--- Data extract ---

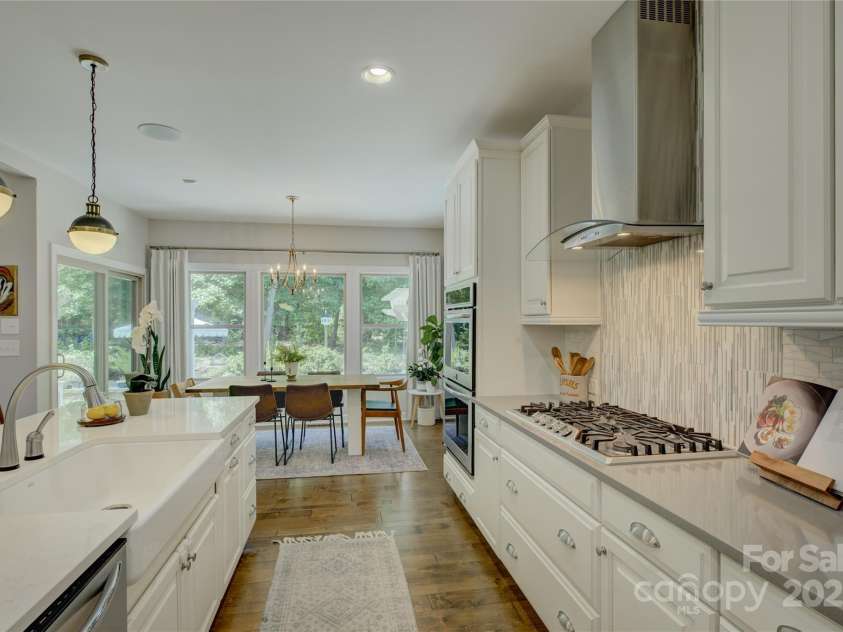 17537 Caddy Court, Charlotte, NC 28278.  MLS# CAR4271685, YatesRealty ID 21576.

---
--- Data extract ---

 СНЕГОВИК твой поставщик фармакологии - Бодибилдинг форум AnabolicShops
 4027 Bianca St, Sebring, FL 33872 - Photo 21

---
--- Data extract ---

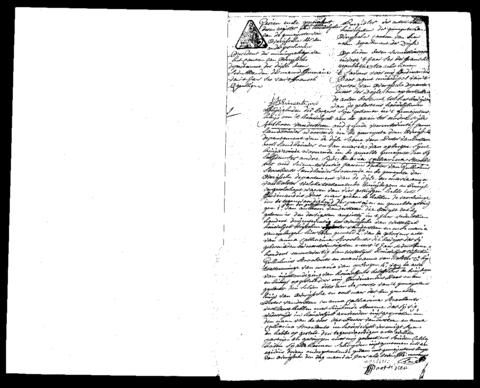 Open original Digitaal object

---

Your goal> Among the records above, extract exactly the lines from the line with "СНЕГОВИК твой поставщик" to the line with "4027 Bianca St, Sebring, FL 33872 - Photo 21", both lines included, and leave out the rest.

Response for this exercise>
 СНЕГОВИК твой поставщик фармакологии - Бодибилдинг форум AnabolicShops
 4027 Bianca St, Sebring, FL 33872 - Photo 21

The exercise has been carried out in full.